Stela Mantareva/ @explovdiv
To say that Stella is lost and in love with Plovdiv would be an understatement. She simply blossoms in our city, and with the true passion of an explorer, she searches every corner for hidden stories.
When she arrived in the city under the hills some time ago, she constantly welcomed guests and eagerly guided them through her favorite streets and spots. Eventually, she created her personal route, straight from her heart, for all who want to experience Plovdiv beyond the most popular tourist locations.
We will let this story be told in first-person narrative, so you can feel the excitement of a woman who only sees the beauty underneath Plovdiv’s hills!
I greet you with “the best coffee in the city.” At least, that’s what the sign in front of the tiny door of “Dyukana” on “Abadzhijska” Street number 6 says, and quite a few locals and visitors of the city will back this up. With over 260 reviews on Google, you’ll understand the enthusiasm once you chat with the owner and try the drink of the day. A heads-up: you’ll probably end up sipping your coffee on the steps by the door. It’s somehow sweeter that way. Then look up!

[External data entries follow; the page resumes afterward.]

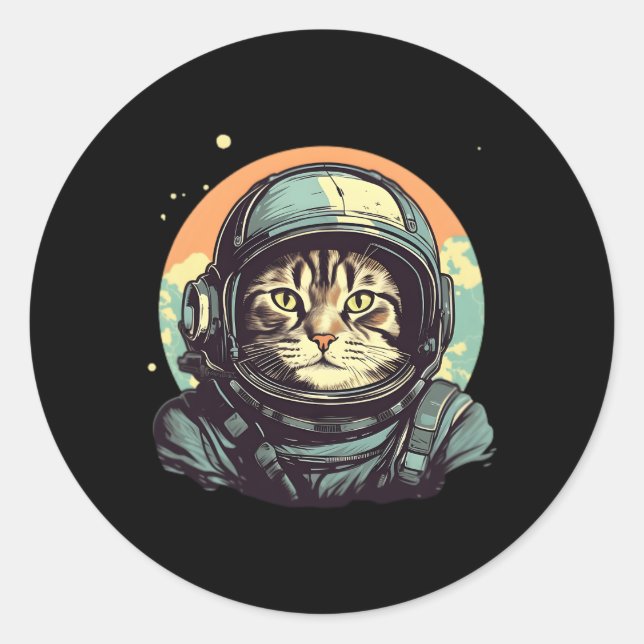 Sticker Rond Astronaute de chat de l'explorateur spatial (Devant)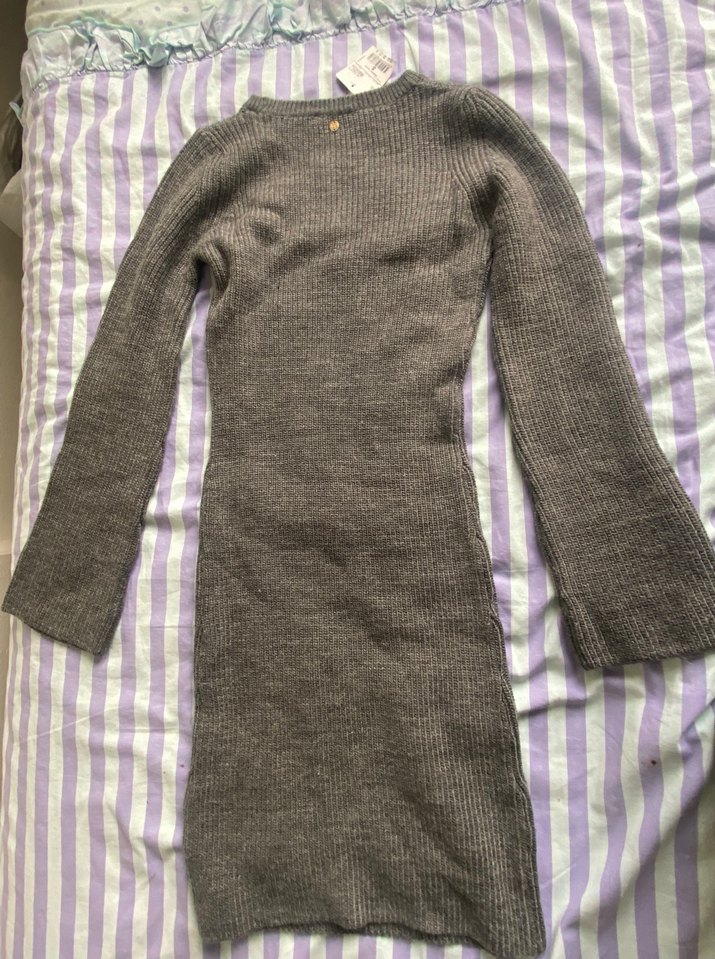 Gri Uzun Kollu Triko Kadın Elbise - Görsel 3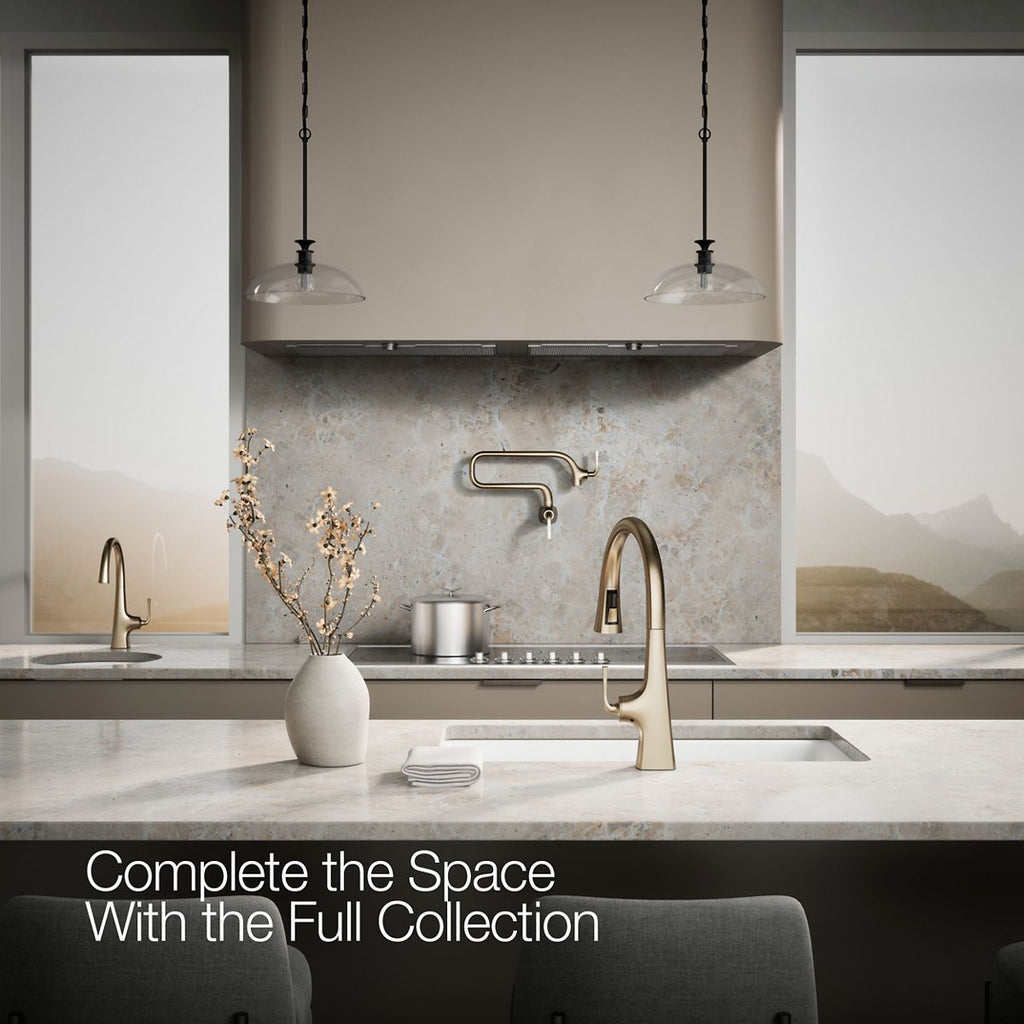Graze Touchless pull-down kitchen sink faucet with three-function sprayhead, in a room setting, K-22068-BV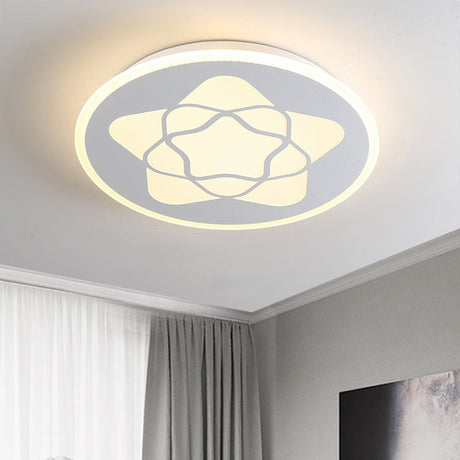 Metallic Led Bedroom Flush Mount Lamp With Moon Star And Heart Designs For Kids Rooms White /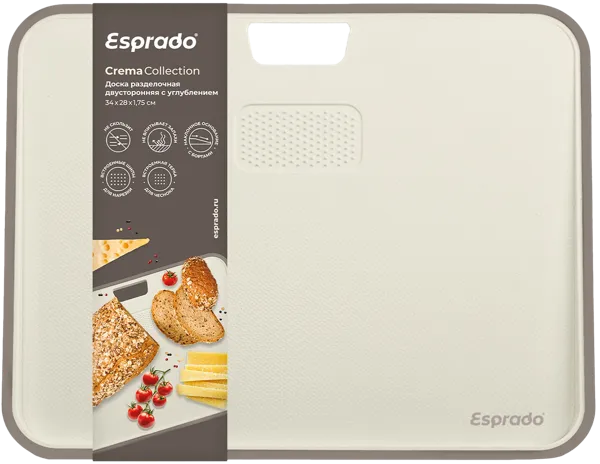 Изображение Доска 34*28см разделочная Эспрадо крема пластик Эспрадо м/у, 1 шт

Remember this street. At number 8A is my favorite wine bar, “Trilogie Maison du Bon-Vivant”. They offer a selection of Old World wines, mainly from Spain and Italy, most of which you’ve probably never heard of. No problem — you can trust the owners’ recommendations completely. Pair a burrata salad or cheese platter with a bottle that captures the rich history of Rioja, and enjoy them in the heart of the oldest city in Europe.
Let’s head toward the Mosque. While on “Abadzhijska” Street, you should see it to the left.
There’s not much to say about the Mosque itself, except that I DON’T recommend the café there. But there are rumors that the “Rosa” Burgers across the street are quite good.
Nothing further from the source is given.